The meta-analysis, using a random-effects model (Fig. 5), demonstrated a significant positive association between HTN and EAA across the three epigenetic clock algorithms (β = 0.29, P < 0.001; 95% Cl: 0.15–0.43, P < 0.0001). Subgroup analysis further revealed that clinically measured HTN as determined by European guidelines [31], was associated with each epigenetic clock individually (Horvath: β = 0.33, 95% Cl: 0.08–0.58, P = 0.010; Hannum: β = 0.64, 95% Cl: 0.09–1.20, P = 0.02; PhenoAge: β = 1.21, 95% Cl: 0.56–1.86, P = 0.0003). Further subgroup analysis based on self-reported HTN status demonstrated no significant association with AgeAccelHorvath (β = 0.09, P = 0.09, 95% Cl: −0.01 to 0.20); however, a significant association with AgeAccelHannum (β = 0.17, P = 0.003, 95% Cl: 0.06–0.28) was observed. Heterogeneity was observed in the overall meta-analysis across the three epigenetic clock algorithms (I2 = 64%, P = 0.001) and for AgeAccelHannum in individuals who reported HTN according to European guidelines (I2 = 78%, P = 0.001). No significant heterogeneity was observed in either the AgeAccelHorvath subgroup, when HTN was either clinically measured or self-reported (I2 = 0%, P = 0.87; I2 = 32%, P = 0.22), or the AgeAccelHannum subgroup when HTN was self-reported (I2 = 0%, P = 0.48), or PhenoAgeAccel (I2 = 0%, P = 0.61) when HTN was clinically measured.

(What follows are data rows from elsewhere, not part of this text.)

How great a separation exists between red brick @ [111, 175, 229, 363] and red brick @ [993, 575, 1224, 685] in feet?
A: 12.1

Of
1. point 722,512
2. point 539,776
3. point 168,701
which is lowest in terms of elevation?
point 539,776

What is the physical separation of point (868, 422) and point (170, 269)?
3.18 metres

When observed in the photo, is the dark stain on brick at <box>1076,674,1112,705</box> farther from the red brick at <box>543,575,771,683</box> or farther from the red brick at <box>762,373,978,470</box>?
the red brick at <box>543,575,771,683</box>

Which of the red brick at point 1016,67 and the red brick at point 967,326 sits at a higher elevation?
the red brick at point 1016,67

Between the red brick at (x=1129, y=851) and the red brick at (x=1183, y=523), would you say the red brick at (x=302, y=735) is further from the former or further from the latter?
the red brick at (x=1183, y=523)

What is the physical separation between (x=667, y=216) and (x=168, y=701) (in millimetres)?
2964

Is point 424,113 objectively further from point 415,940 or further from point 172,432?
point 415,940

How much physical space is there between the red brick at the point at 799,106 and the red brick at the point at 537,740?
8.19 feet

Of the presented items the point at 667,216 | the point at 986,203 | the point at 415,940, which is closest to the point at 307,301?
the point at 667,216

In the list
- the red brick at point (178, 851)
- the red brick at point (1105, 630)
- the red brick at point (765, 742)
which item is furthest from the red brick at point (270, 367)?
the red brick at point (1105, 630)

Random effects meta-analysis of the association of HTN with epigenetic age acceleration subgrouped by epigenetic clock algorithm and clinically-defined v self-report of hypertension. Horizontal lines represent the 95% confidence interval (CI) for each study. Diamonds indicate pooled effect and 95%CI for each subgroup and overall effect (Z). χ 2 chi-squared test assesses whether observed difference in results are compatible with chance alone; I2 heterogeneity index (0%–100%); SD, standard deviation; IV, Random, a random effects meta-analysis is applied with weights based on inverse variances
Publication bias and Sensitivity analysis
Visual assessment of publication bias by funnel plot (Figure S1) determined significant asymmetry which was further confirmed by a significant Egger’s regression test (P = 0.0002). The small number of studies included in the meta-analysis or heterogeneity among these studies may have influenced the results of Egger’s regression test and observed asymmetry, introducing potential variability and making limiting the ability to draw definitive conclusions regarding publication bias. Trim-and-fill analysis estimated three missing studies (Figure S2), with the overall association measure based on this analysis remaining significant (β = 0.260, P = 0.0005; I2 = 65.18%, P < 0.0001). Given the observed heterogeneity, we performed a sensitivity analysis of the eight included studies. The overall effect remained consistent overall effect after sequential exclusion of each individual study, (Figure S3) indicating that the findings are stable and not driven by one particular study.
Discussion
This study is the first to demonstrate that HTN is significantly associated with accelerated epigenetic age by systematically evaluating current evidence, highlighting an important role for DNA methylation in the development and pathophysiology of HTN in adults. Furthermore, each epigenetic clock algorithm individually demonstrated that clinically measured HTN was significantly associated with increased EAA.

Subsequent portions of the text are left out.